Today, the City Council of New Orleans (“Council”) stands at a crossroads. One path, the
path proposed by Entergy New Orleans (“ENO” or “the Company”), is old, worn, and well past its usefulness. Essentially, ENO wants New Orleans to remain mired in the past, to build yet another fossil-fueled power plant that is unnecessary, will cost New Orleans ratepayers millions of dollars, will subject residents to increased levels of air pollution, and contribute to climate change.
The other path is recognition of the future of clean, sustainable energy generation and the harmful impacts of fossil-fuel generation. It is a path already selected by regulated utilities, states and local governments across this country. Utilities are abandoning reliance on fossil fuels and adopting a mix of new technologies. Technologies such as solar and battery storage, combined with innovative energy efficiency programs and demand response are replacing proposed fossil-fueled power plants across the country. This is the path that the Council should choose.
More important, ENO has utterly failed to prove that building either a 226 MW CT plant
or a 128 MW RICE unit is in the public interest. As the intervenors and the Advisors have
demonstrated, ENO has failed to establish that it will have a capacity need for either size gas-fired plant in the next ten years. Evidence actually supports the conclusion that ENO will not need additional capacity for fifteen years. Moreover, ENO’s proposed gas-fired plant would put New Orleans customers at unnecessary financial risk by requiring residents and businesses to pay for generation that they do not need and will also place at risk future investment in either renewable generation or demand-side management.
Similarly, while ENO created a reliability need by its decision to close Michoud Units 2
and 3, that need can be met far more cheaply and more quickly by alternatives to the gas-fired plant that ENO steadfastly refused to fully consider. The evidence demonstrates that gas-fired generation is not needed to meet reliability standards, and that neither NOPS alternative would mitigate reliability concerns in any way in the next two years. In fact, ENO’s own data show that transmission upgrades, in combination with energy efficiency measures and solar generation, could resolve reliability violations more cheaply than either gas-fired plant. ENO’s reliability arguments offer no support for approval of either gas-fired plant.

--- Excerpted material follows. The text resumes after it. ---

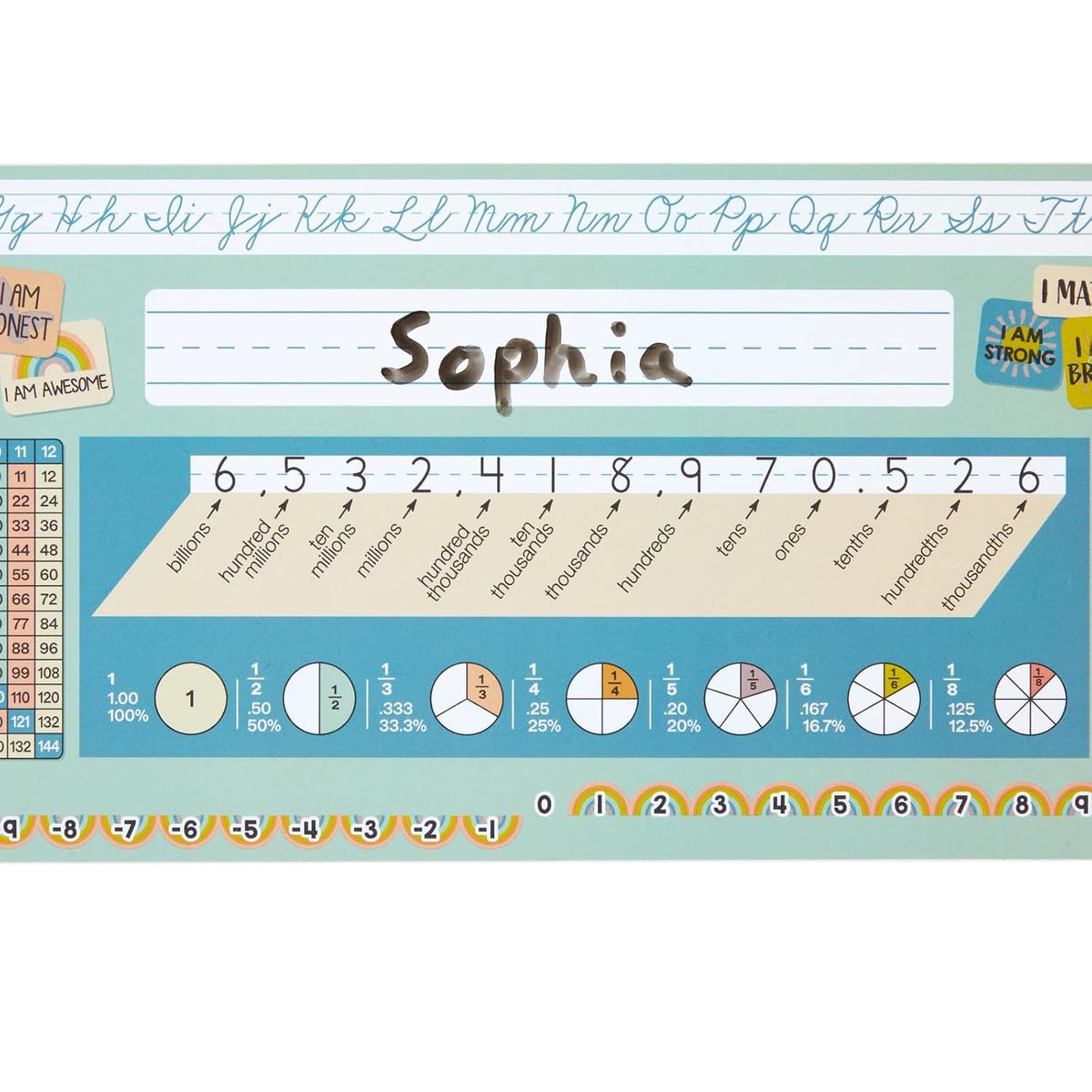 Really Good Stuff Boho Self-Adhesive Vinyl Desktop Helpers, Set of 24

Furthermore, the gas-fired plants are not the least-cost alternatives and, in fact, would
cost ratepayers more than transmission and solar-powered solutions. As the Advisor witnesses conclude, upgrading New Orleans’ transmission lines and installing utility-scale solar, instead of constructing a gas-fired plant, would be the “economically preferred alternative.” Moreover, ENO failed to adequately assess the impacts of constructing a gas-fired plant on the environment. These impacts include increased air pollution, subsidence or flooding. Similarly, ENO failed to adequately assess the impacts on the predominantly African American and Vietnamese American communities living near the Michoud site.
Thus, the Council should find that 1) there is no need for the capacity; 2) reliability
concerns can be addressed through less costly and more timely means; and 3) neither proposal is in the public interest. Based on these finding, the Council should reject both ENO applications. The Council also should institute a transmission reliability proceeding to fully examine all the alternatives available to resolve the reliability concerns created by the deactivation of Michoud units 2& 3.